CONGREGATION FOR CATHOLIC EDUCATION
Concerning the Re-Organization of the
1. Among the teachings of the Second Vatican Council, the Declaration on the Relation of the Church to non-Christian Religions, Nostra Aetate, underlines the bond, both special and unique, which spiritually links the people of the New Testament with the children of Abraham, and stresses the importance of dialogue with the Jews by encouraging it through biblical studies foreseen in preparation for ministry. It states: "Since Christians and Jews have such a common spiritual heritage, this sacred Council wishes to encourage and further mutual understanding and appreciation. This can be obtained, especially, by way of biblical and theological enquiry and through friendly discussions" (n. 4).
Taking into account all that has been done in this area from the time of the Council to the present and after a thorough analysis of the current situation, the Congregation for Catholic Education in conjunction with the Commission for Religious Relations with Judaism, have examined various ways to develop and to give greater consistency to this important commitment; they, therefore, sign this declaration, which has as its sole aim the augmentation of the religious dialogue and the enhancement of the academic and scientific status of Judeo-Christian studies.
2. Already for several years, there has been a program of Jewish Studies at the Pontifical Ratisbonne Institute in Jerusalem. There, various Catholic academic institutions throughout the world have generously collaborated with the Jewish academic institutions centered in Jerusalem. At the present time, it has been considered opportune to create conditions more suitable for allowing these initiatives to enjoy greater stability and visibility, as well as securing qualified intellectual standards so that those enrolled in the program may attain an appropriate academic degree.
After a wide-ranging consultation, the Commission responsible for assuring the future of the academic and educational project with qualified faculty, appropriate student recruitment, administrative and managerial structure and financial resources, has found that serious difficulties in various areas would be insuperable if the program were to remain as an independent institute at the current facility in Jerusalem. Beyond serious academic concerns, severe, intractable and increasing financial problems of several years standing necessitate a change of venue for what should be the Catholic Church's premier program in Jewish Studies, where it can enjoy more appropriate quality and financial security. After a careful evaluation, therefore, the Commission has decided to continue the original purpose of the Ratisbonne project and to strengthen the program by transferring it into the newly re-organized "Cardinal Bea Center for Jewish Studies" of the Pontifical Gregorian University.
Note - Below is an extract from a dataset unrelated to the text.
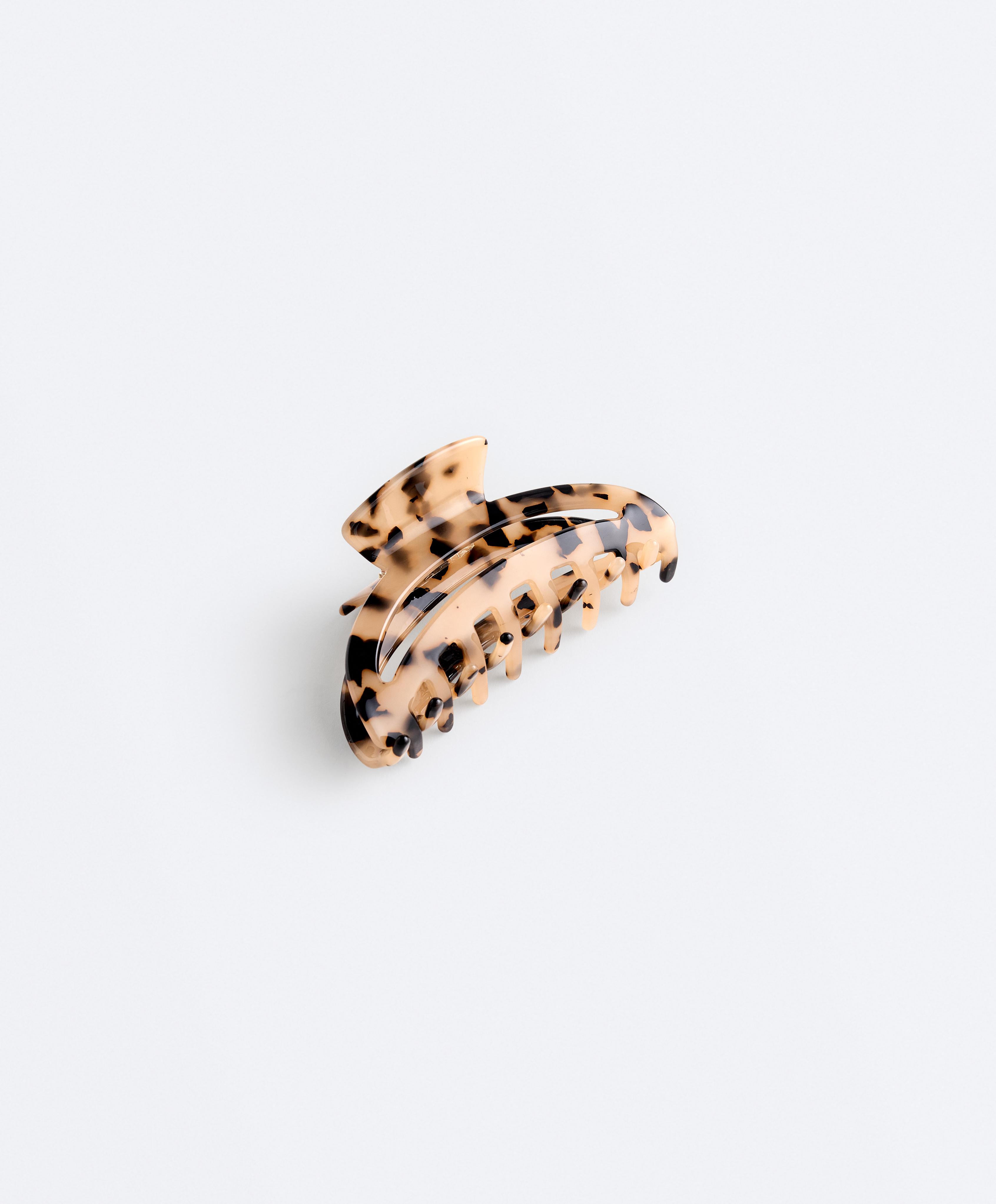 Large tortoiseshell hair clip — BLACK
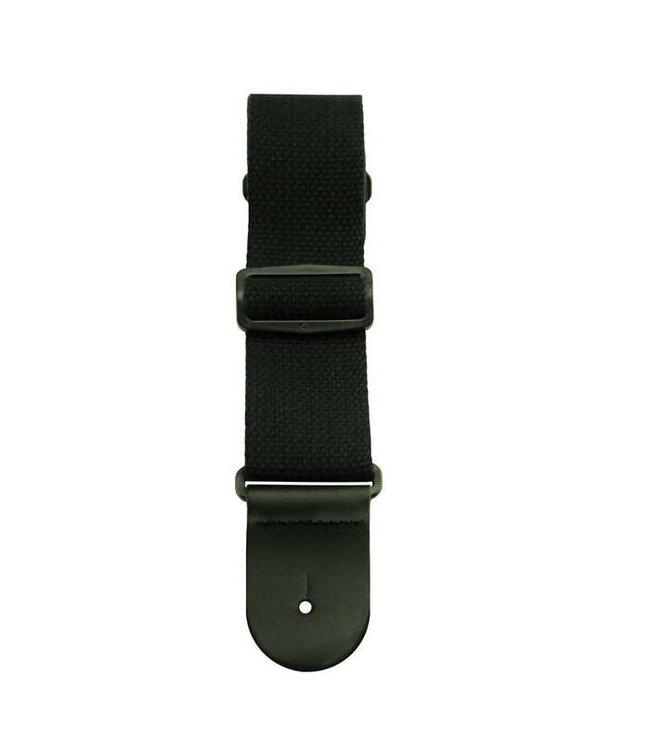 Henry Heller 2" Cotton Guitar Strap, Black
3. The "Cardinal Bea Center for Jewish Studies" cultivates solid and recognized intellectual activity and has been engaged in research in the field of Jewish Studies since 1979. And, through the foundation of several special chairs in the context of various agreements of academic cooperation with important Jewish universities and institutes, among them being Hebrew University in Jerusalem and the "Philip and Muriel Barman Center for Jewish Studies" at Lehigh University in Bethlehem, PA (USA). Recently, the Center has been further enhanced with the acquisition of the Library of the International Service of Judeo-Christian Documentation (S.I.D.I.C.) in Rome.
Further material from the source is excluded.